Plaintiff's petition for injunction alleges the foregoing facts in substance, and in addition that the proceeds of the sale of the homestead were exempt under the laws of the state of Texas; that the purpose of the defendant in securing the notes to be sent to Oklahoma, and the prosecution of said suit in that jurisdiction, was to evade the exemption laws of the state of Texas and subject said funds to the payment of their said indebtedness, and that such will be the result of said suit unless the defendant is restrained from proceeding therein. The judgment of injunction was that —

"Wm. Cameron Co., Incorporated, be and it is hereby perpetually enjoined from further prosecuting said garnishment and attachment proceedings in so far as it may be sought by said proceeding, to subject said notes or said amount of money received by the receiver (appointed by said district court of Jackson county, Okla.) to the payment of said indebtedness alleged to be due the defendant, Wm. Cameron Co., Incorporated," etc.

There is no question as to the power of a court of equity to enjoin a party subject to its jurisdiction from prosecuting in a foreign jurisdiction a suit against the petitioner in the suit for injunction. The power, however, is cautiously exercised. The right of a party to maintain a suit in the forum of his own choice is conceded, and the jurisdiction is allowed only in cases where the maintenance of the suit in the foreign jurisdiction "is contrary to equity and good conscience." The question has been so frequently and exhaustively considered that it is only necessary for us at this time to refer to a few of the authorities which deal with this question. Cole v. Cunningham, 133 U.S. 107, 10 Sup.Ct. 269, 33 L.Ed. 538; Bigelow v. Old Dominion Copper Mining Co., 74 N.J. Eq. 457, 71 A. 155; Jones v. Hughes, 156 Iowa 684, 137 N.W. 1023, 42 L.R.A. (N.S.) 502; Reed v. Illinois Central Ry., 182 Ky. 455, 206 S.W. 794; High on Injunctions, §§ 102-107. Proceeding under this principle, the courts have frequently enjoined a resident in its own jurisdiction from maintaining proceedings in a foreign jurisdiction against another resident where the purpose of the suit is to evade the exemption laws of the jurisdiction of the residence of such parties. Moton v. Hull, 77 Tex. 80, 13 S.W. 849, 8 L.R.A. 722; Cole v. Cunningham, supra; R.C.L. vol. 11, p. 551; 25 C.J. pp. 153, 154. So, if the exemption law of the state of Texas applies to the proceeds of the sale of the Oklahoma homestead brought into this state, as stated, we would conclude that the injunction was rightly granted. The question to be determined, then, is whether the provisions of our statutes apply to this property, and we will proceed to a discussion of that question.
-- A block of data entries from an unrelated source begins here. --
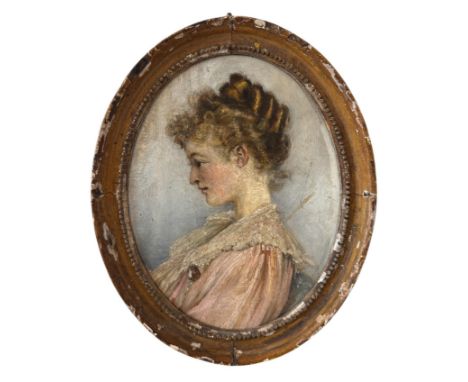 British School, 19th Century - Portrait of a young lady wearing a pink blouse, quarter-length in profile, oil on board, 28 x 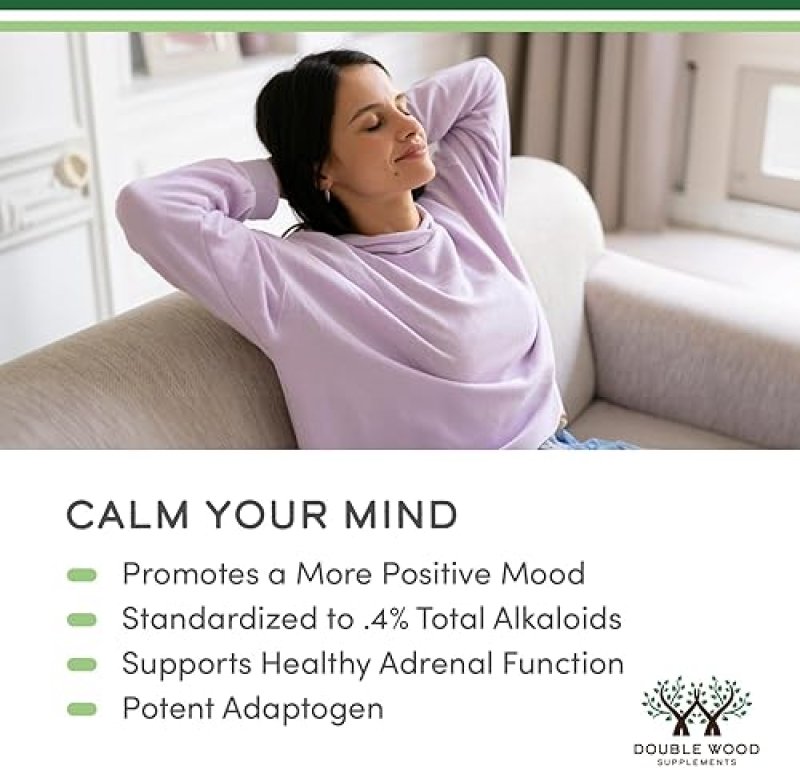 DOUBLE WOOD SUPPLEMENTS KANNA EXTRACT SUPPLEMENT 50MG 120 VEGAN CAPSULES FOR RELAXATION NON-GMO, GLUTEN FREE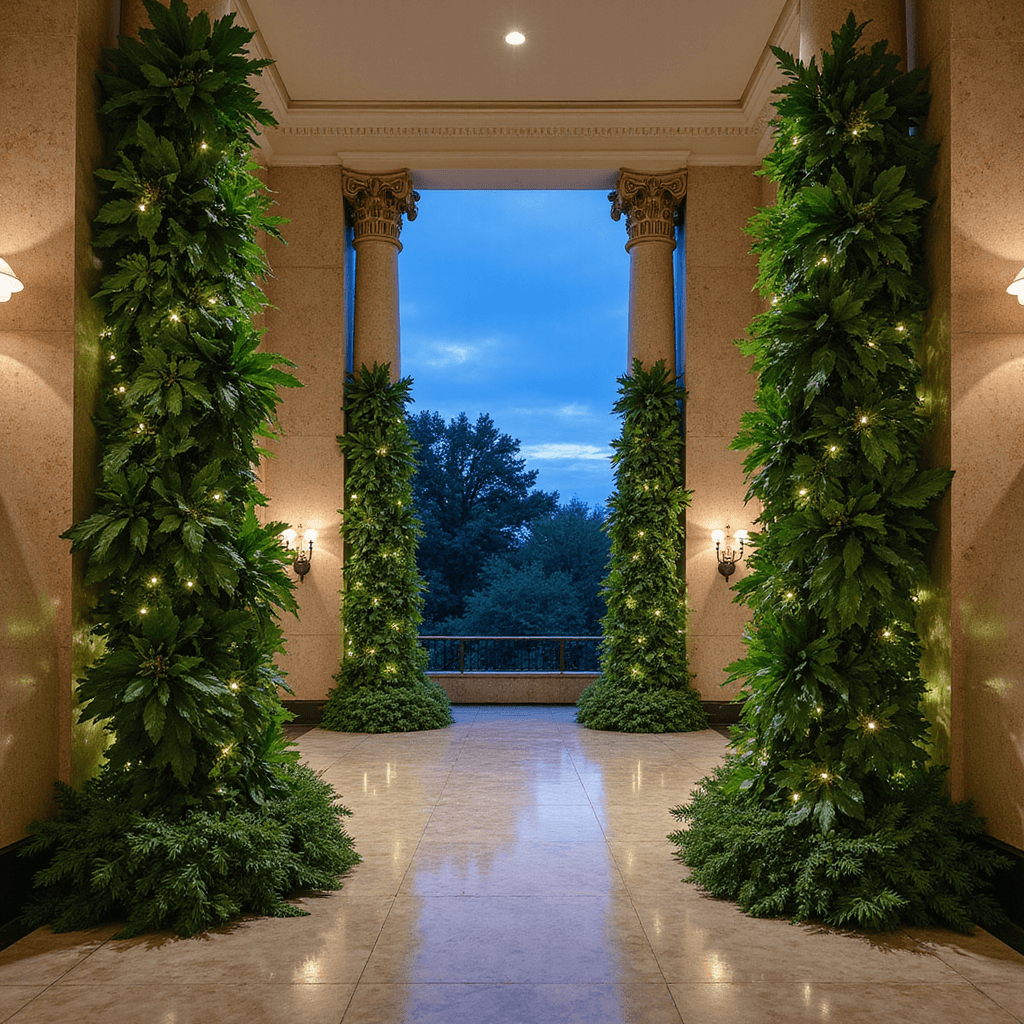A grand ballroom entrance with towering green installations of forest green magnolia leaves, Boston fern, and silver dollar eucalyptus flanking marble columns, illuminated by uplighting and fairy lights, captured at blue hour from a low angle.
The state Constitution (article 16, §§ 50 and 51) provides for the exemption of the homestead of the family and defines what property constitutes the homestead. Prior to 1897 we had no law expressly exempting the proceeds of a voluntary sale of the homestead, and our courts were holding that they were not exempt. The Legislature in 1897 (General Laws of 1897, p. 131) amended the statute so as to exempt such proceeds. In this legislation the provision for exemption of the proceeds of the sale of homestead constitute a part of the same sentence which defines the homestead, the amendment merely adding to the definition of the homestead the following language:

"Provided, further, that the proceeds of the voluntary sale of the homestead, shall not be subject to garnishment or forced sale within six months after such sale."

In the revision of the statutes in 1911, this legislation appears as articles 3786 and 3787, the provision for exemption of the proceeds of the sale of the homestead being separated from the definition and constituting article 3787, the words "provided further that," as above quoted, being omitted. Article 3785 of the 1911 statutes provides the general exemptions allowed, the first being "the homestead of the family." Article 3786 defines "the homestead," and article 3787 provides that "the proceeds of the voluntary sale of the homestead shall" be exempt as stated.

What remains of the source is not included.